An anti-pattern I see often in software development is an organisation taking an A team – highly skilled, highly motivated – and somehow managing to squeeze a D performance out of them.
The problem is almost always that they won’t let the A team bring their A game. The team are micromanaged, often with dysfunctional processes and practices and other constraints imposed on them by management.
As a trainer and mentor of dev teams, I sadly often hear complaints like “We want to write more unit tests, but our manager won’t let us” or “We’re not allowed to push directly to the trunk” or “They don’t let us talk to the end users”.
Now, I would say “Why did you ask for permission?”, because I’m that kind of a developer. I will assume I was hired because they thought I’d do a good job (although I have been hired specifically not to do a good job, but that’s office politics for you). So I’m going to try to do the best job I can, the best way I know how.
And that means I’m going to continuously test the code. I’m going to continuously integrate my changes. I’m going to talk to end users. A lot.
One common characteristic of high-performing development teams is they have a considerable amount of autonomy to do what needs to be done to get good results for their customers. And here’s where it gets a little tricky.
Most people in positions of authority don’t willingly give away decision-making power. They find autonomy threatening. For all the talk of “servant-leaders”, they’re rare in reality.
Most often, when dev teams have high autonomy, it’s not because it was given, it’s because it was TAKEN.

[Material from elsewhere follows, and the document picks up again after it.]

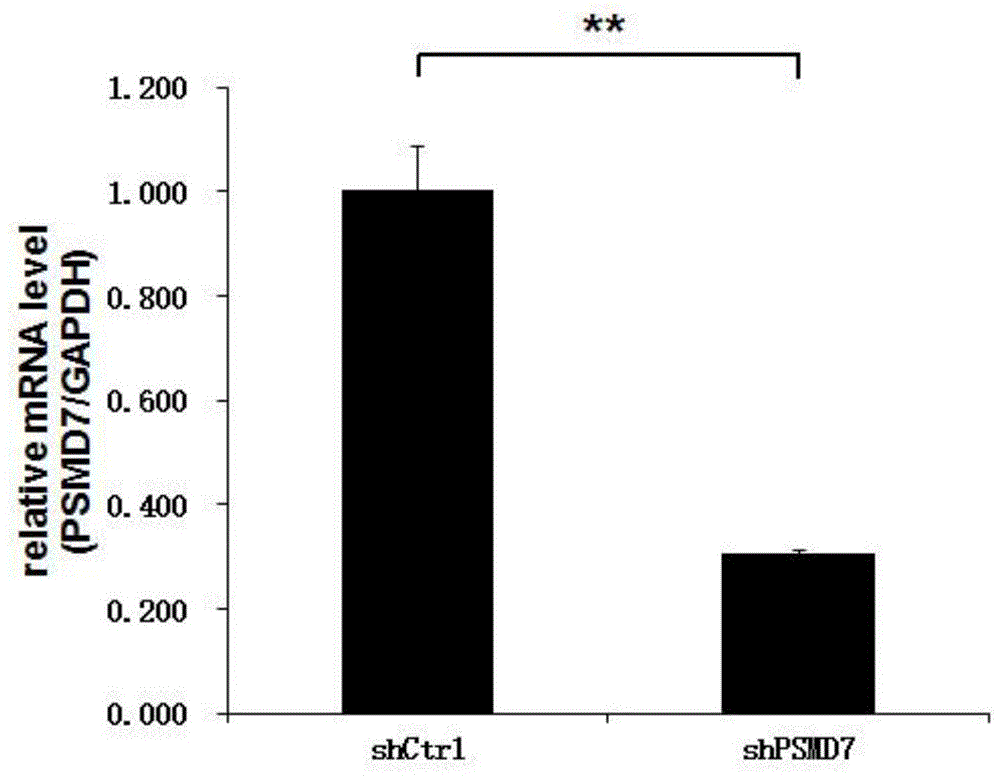 人PSMD7基因的用途及相关产品的制作方法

But there are two sides to this bargain. If we get to work the way we think we should work, we have to deliver the goods. Teams who don’t deliver – perhaps because they’re being micromanaged – tend to get micromanaged even more closely. It’s a paradox. We have to earn the trust to be given the trust to do what needs to be done to earn that trust.
Our confidence – now there’s a word! – that we can deliver, and our ability to assert ourselves within the process, is a key enabler of achieving necessary levels of autonomy. It’s a quality A teams need to play an A game. Sorry folks. That’s the reality.
The mirror universe version of all this is those developers who insist on doing things badly. The thing about D developers is they can often genuinely believe they’re playing an A game (when I was new to the industry, I was inexperienced enough to believe this, too – I just didn’t know what an A game looked like).
Skills and education are pivotal here, as is a more democratic approach to setting the direction within the team. As much as I’d love to believe that my strong leadership was what delivered, I have to remind myself that – in reality – it’s the TEAM who deliver, and they do it the best way they can agree on.